%%

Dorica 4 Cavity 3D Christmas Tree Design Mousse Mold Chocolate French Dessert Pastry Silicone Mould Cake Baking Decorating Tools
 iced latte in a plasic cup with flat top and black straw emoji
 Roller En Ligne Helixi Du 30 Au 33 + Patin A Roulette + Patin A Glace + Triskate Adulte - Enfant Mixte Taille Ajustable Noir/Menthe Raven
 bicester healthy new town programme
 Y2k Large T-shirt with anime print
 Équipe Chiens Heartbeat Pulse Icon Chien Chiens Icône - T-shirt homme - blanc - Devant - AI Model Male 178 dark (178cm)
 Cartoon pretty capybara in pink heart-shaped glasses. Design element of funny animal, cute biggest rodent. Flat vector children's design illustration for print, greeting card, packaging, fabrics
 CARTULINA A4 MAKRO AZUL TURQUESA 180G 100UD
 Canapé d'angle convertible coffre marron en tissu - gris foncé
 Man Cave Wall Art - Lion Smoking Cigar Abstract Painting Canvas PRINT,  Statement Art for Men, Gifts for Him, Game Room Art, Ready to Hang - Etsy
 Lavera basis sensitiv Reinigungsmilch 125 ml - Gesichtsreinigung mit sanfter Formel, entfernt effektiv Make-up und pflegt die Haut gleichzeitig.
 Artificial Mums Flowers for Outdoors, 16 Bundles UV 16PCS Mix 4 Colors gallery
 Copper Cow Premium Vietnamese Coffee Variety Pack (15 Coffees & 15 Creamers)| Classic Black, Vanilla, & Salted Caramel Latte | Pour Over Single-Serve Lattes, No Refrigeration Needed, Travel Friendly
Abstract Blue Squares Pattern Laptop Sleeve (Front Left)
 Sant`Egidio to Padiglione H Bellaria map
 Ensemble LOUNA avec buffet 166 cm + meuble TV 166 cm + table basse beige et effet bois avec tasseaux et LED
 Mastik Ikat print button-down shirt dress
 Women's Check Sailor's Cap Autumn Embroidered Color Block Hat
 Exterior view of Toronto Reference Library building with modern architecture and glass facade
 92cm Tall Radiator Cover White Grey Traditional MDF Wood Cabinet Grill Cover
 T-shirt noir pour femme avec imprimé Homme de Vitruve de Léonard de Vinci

%%

Work required
For the listing above, state how many lines hold the string "avec", giving the number alone.

Solution for this task
2